╭─ Given records

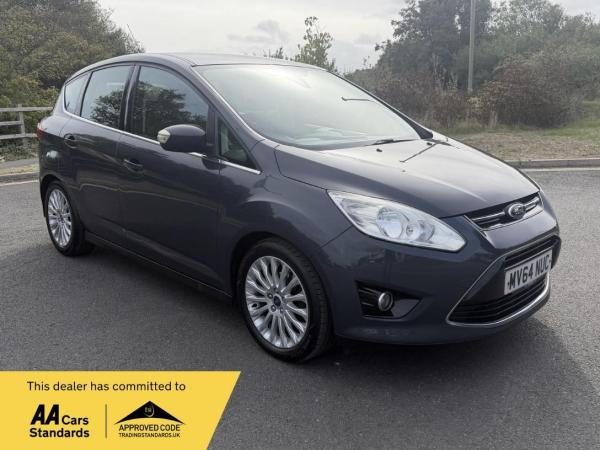 Ford C-Max 1.6 TDCi Titanium MPV 5dr Diesel Manual Euro 5 (115 ps)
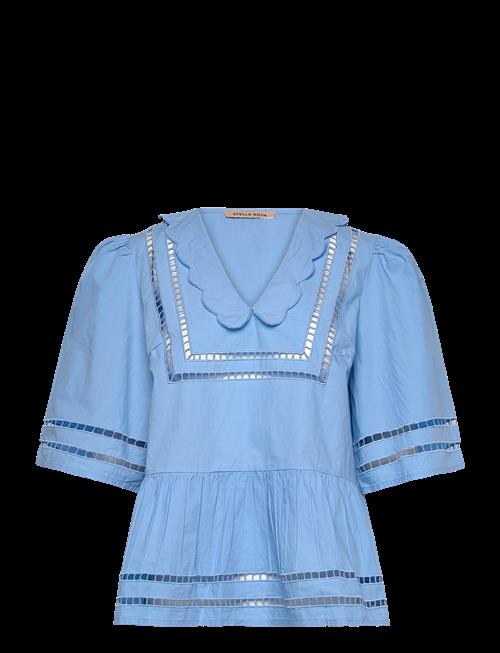 Stella Nova | Top With Scallop Edge Collar | 40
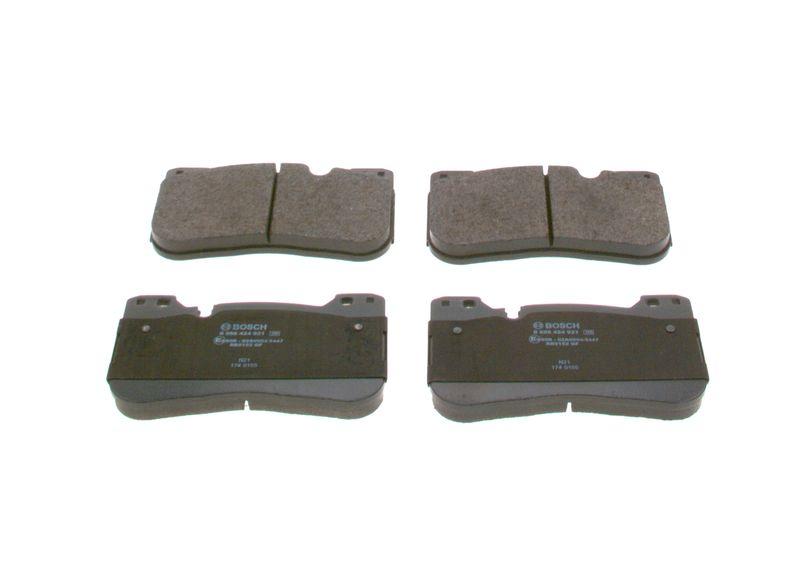 Kit de plaquettes de frein, frein à disque BOSCH 0 986 424 921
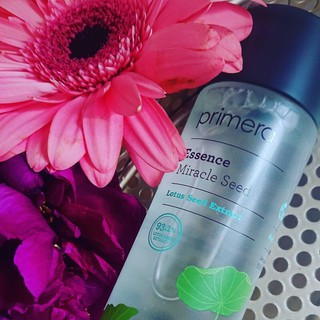 Tinh chất toner nước thần Primera miracle seed essance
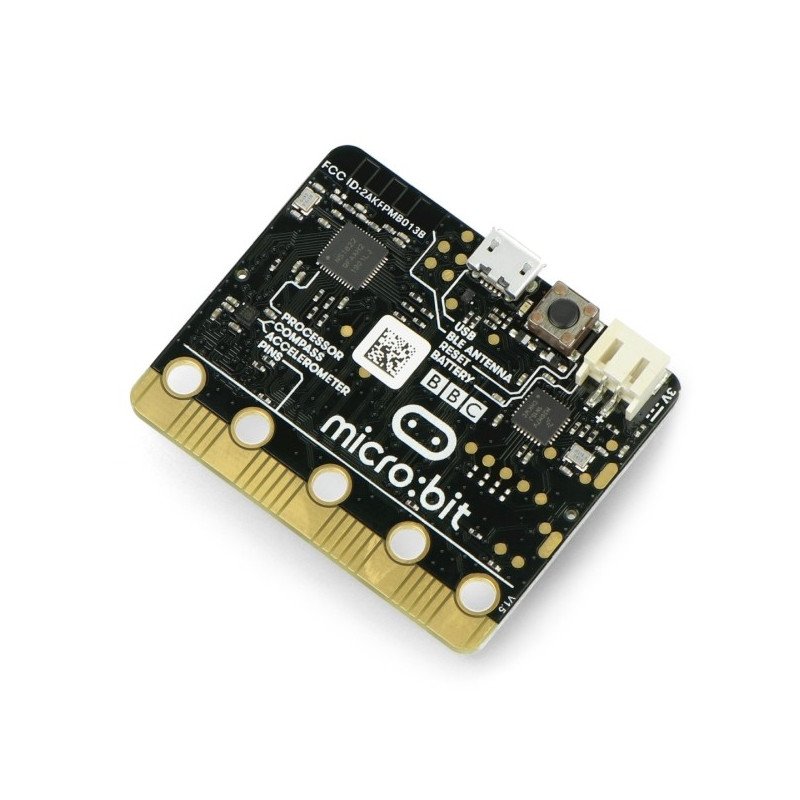 Mikro: Bit - Bildungsmodul, Cortex M0, Beschleunigungsmesser, Bluetooth, 5x5 LED-Matrix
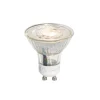 LUEDD GU10 50mm 3-Stufen-Dimmbare Kelvin LED-Glühbirne Klar 4,9W 450 lm 2000-2700K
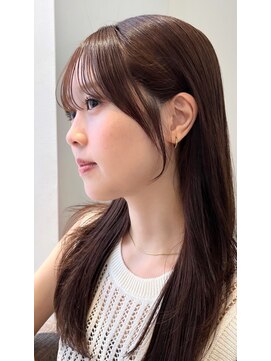 アンフィニー 銀座(ANFINI) 前髪/可愛い前髪/サイドバング/小顔効果/顔まわり/おくれ毛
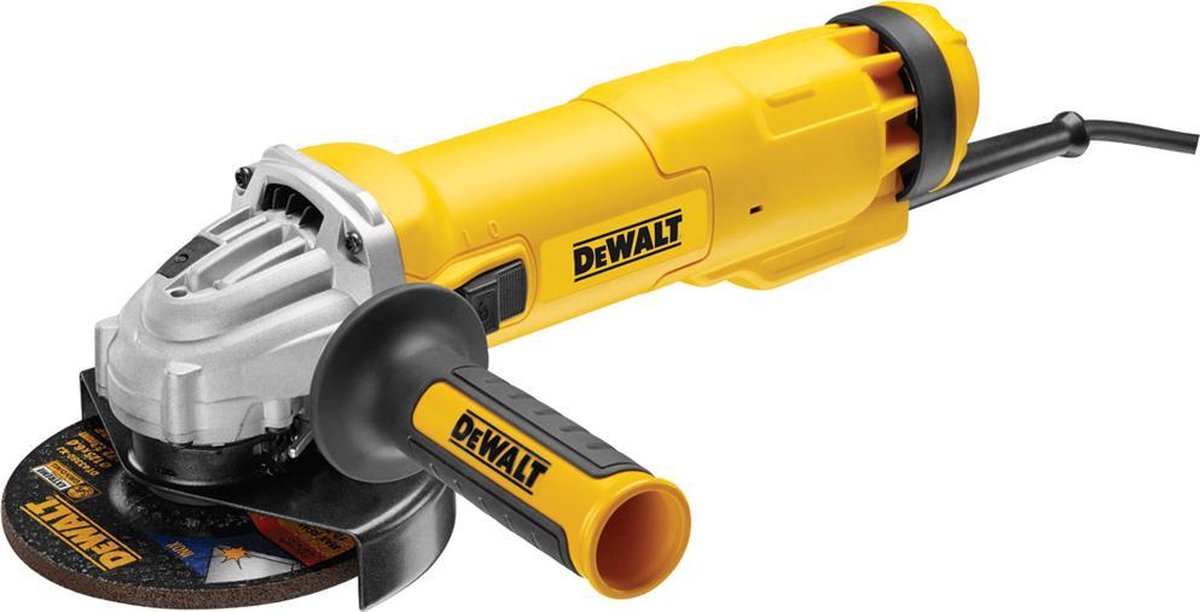 Meuleuse dangle DEWALT DWE4207-QS DWE4207-QS 125 mm 1.010 W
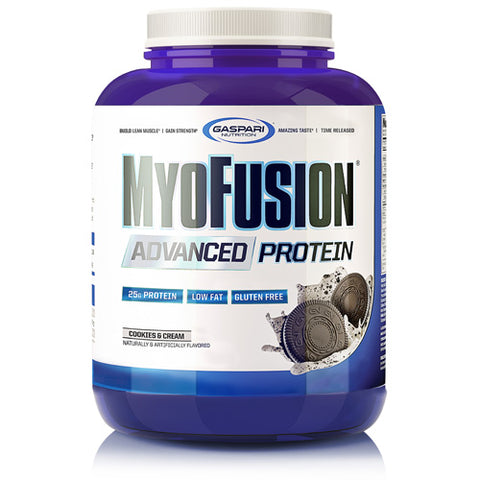 Gaspari Nutrition, Myofusion Advance, Cookies & Cream 4 lbs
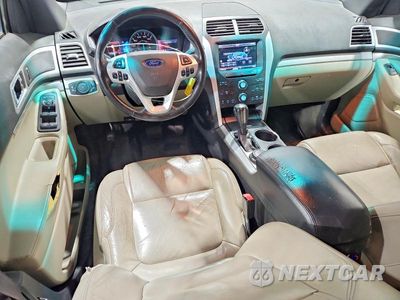 Zdjęcie 8 z 13 samochodu: 2013 FORD EXPLORER XLT VIN:1FM5K8D88DGA26840 - miniatura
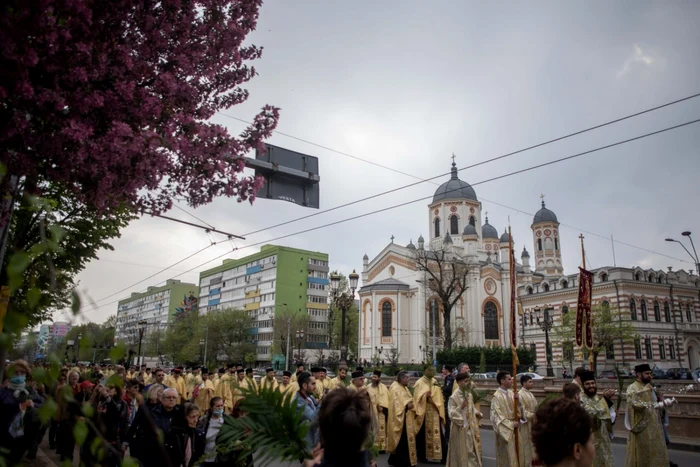 Pelerinaj de Florii, în Capitală FOTO: Arhivă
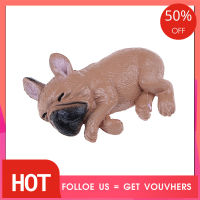 SIYI?French bulldog sleepy corgis dog toys action figures pvc model toy doll kid gift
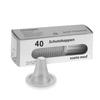 Exeta Probe Covers Compatible with Braun ThermoScan, 40 Count view 1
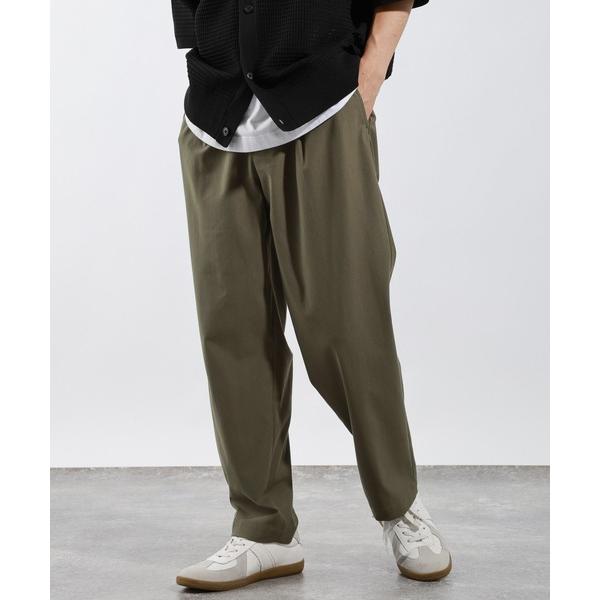 『タイムセール実施中』ZOZO問い合わせ番号:97598205ショップ:BAYFLOW，ベイフローブランド:BAYFLOW，ベイフロー商品名:【WONDER SHAPE(ワンダーシェイプ)】ワンタックトラウザーカテゴリ:パンツ>スラッ...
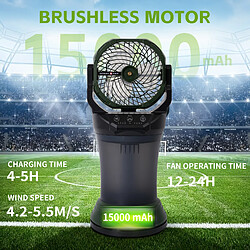 ByteLike Ventilateur Brumisateur Portable Rechargeable 15000mAh pas cher
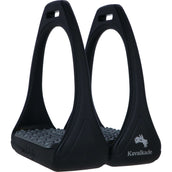 Kavalkade Stirrups Reflex Silver Silver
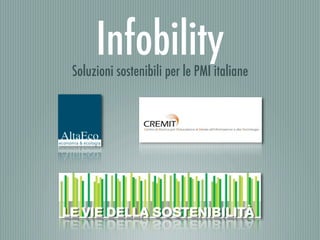 Infobility
Soluzioni sostenibili per le PMI italiane
 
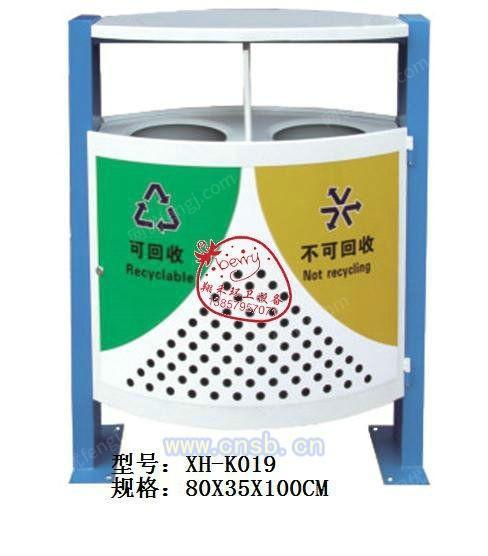 垃圾桶设备回收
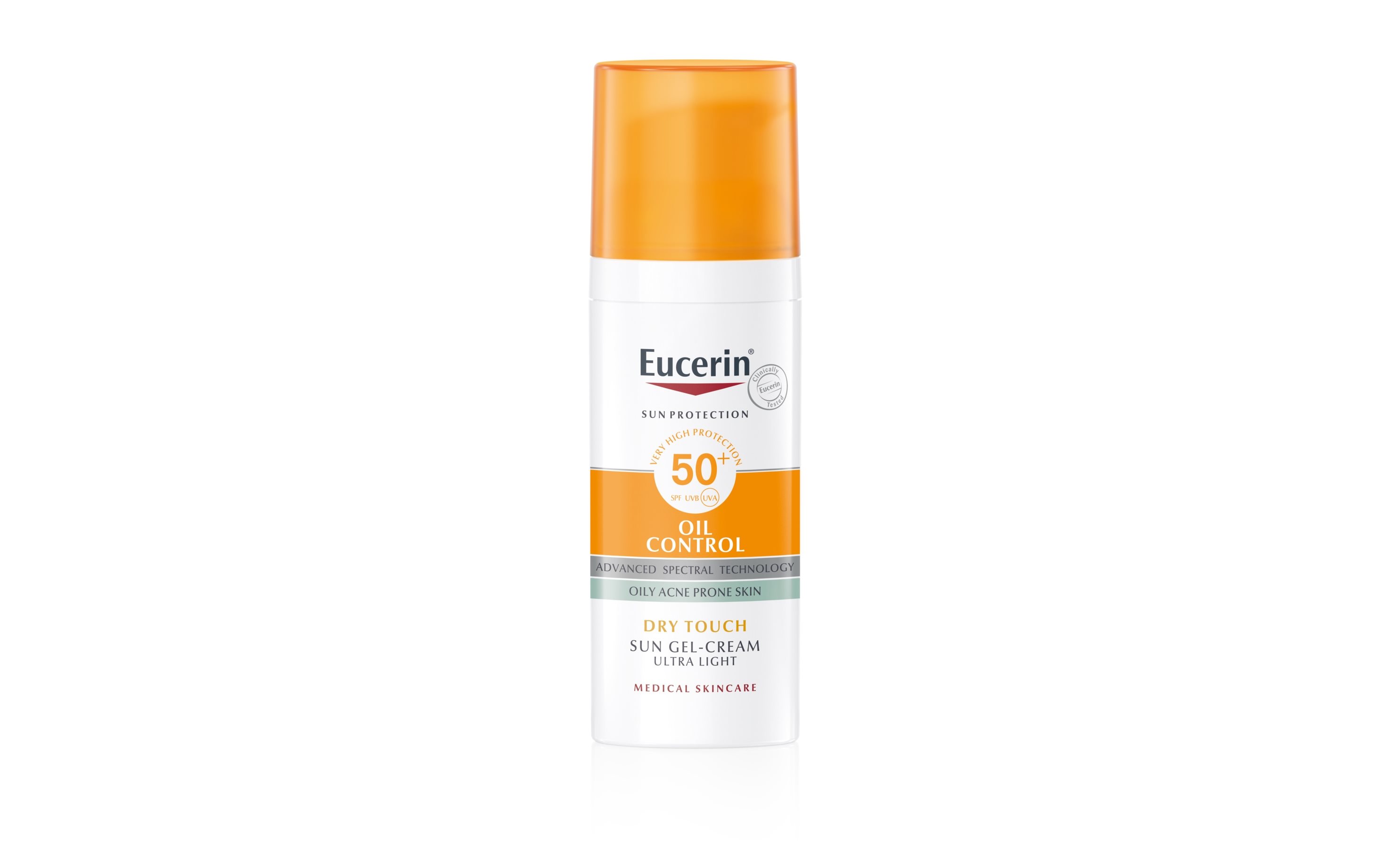 Eucerin range sun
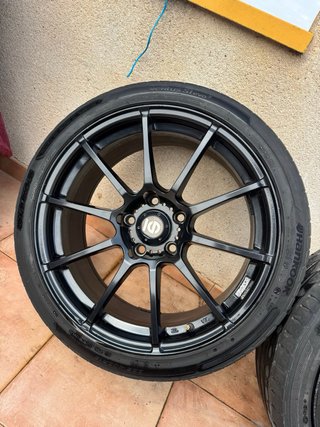 4 Llantas OZ Racing 18 pulgadas para BMW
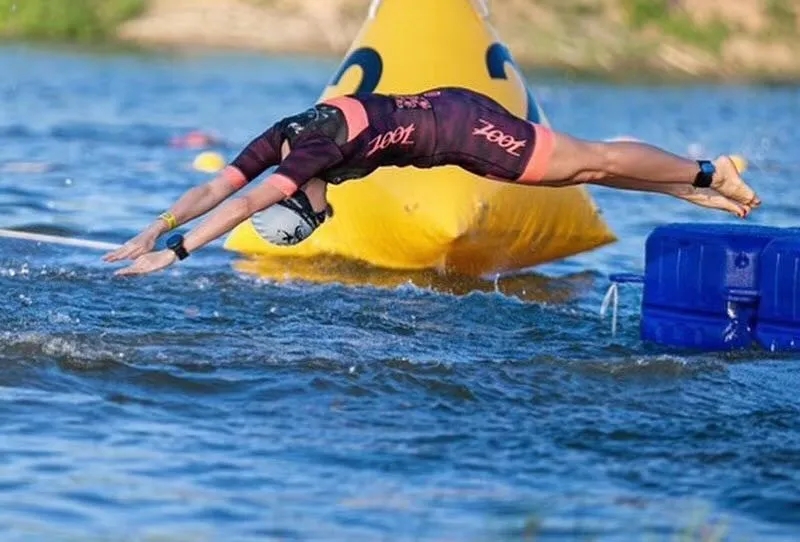 中国有多少女人可以完成铁人三项,中国女生铁人三项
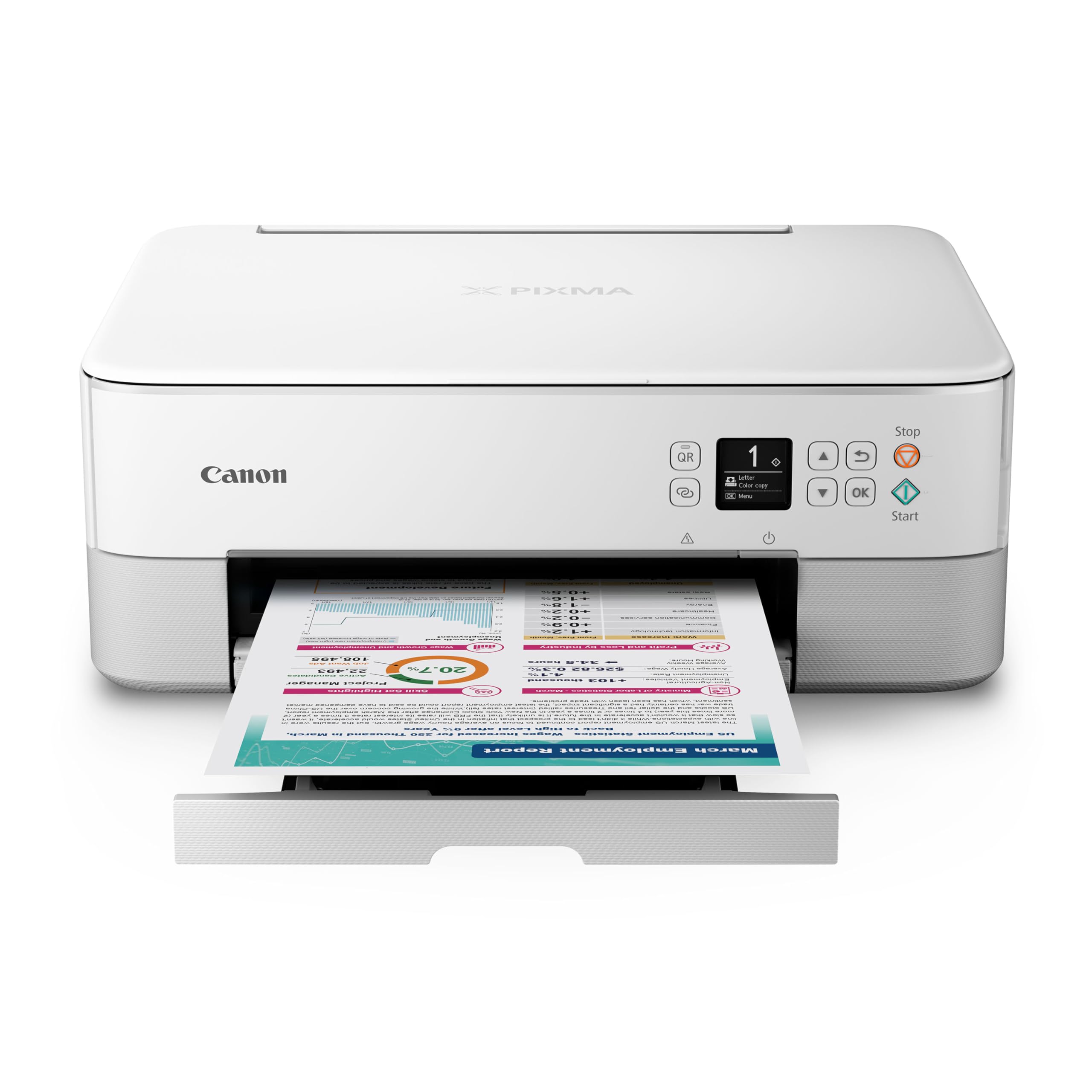 Impresora De Inyección De Tinta Inalámbrica Multifunción Canon Pixma Ts6420a - Venta Internacional.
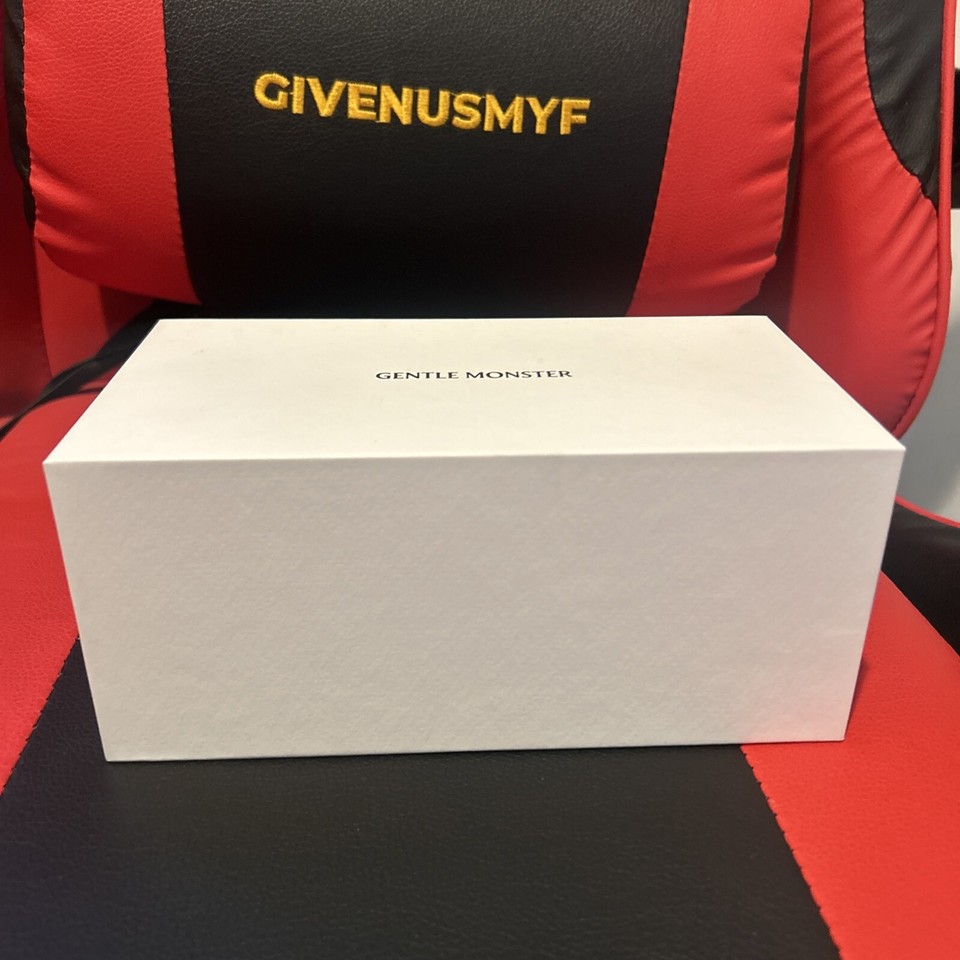 Gentle Monster Sunglasses White Case (Box ONLY) eBay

╰─

» Task
Your answer should hold only the lines from the one with "中国有多少女人可以完成铁人三项,中国女生铁人三项" through the final line of the listing above, transcribed exactly and without pictures.

» Output
 中国有多少女人可以完成铁人三项,中国女生铁人三项
 Impresora De Inyección De Tinta Inalámbrica Multifunción Canon Pixma Ts6420a - Venta Internacional.
 Gentle Monster Sunglasses White Case (Box ONLY) eBay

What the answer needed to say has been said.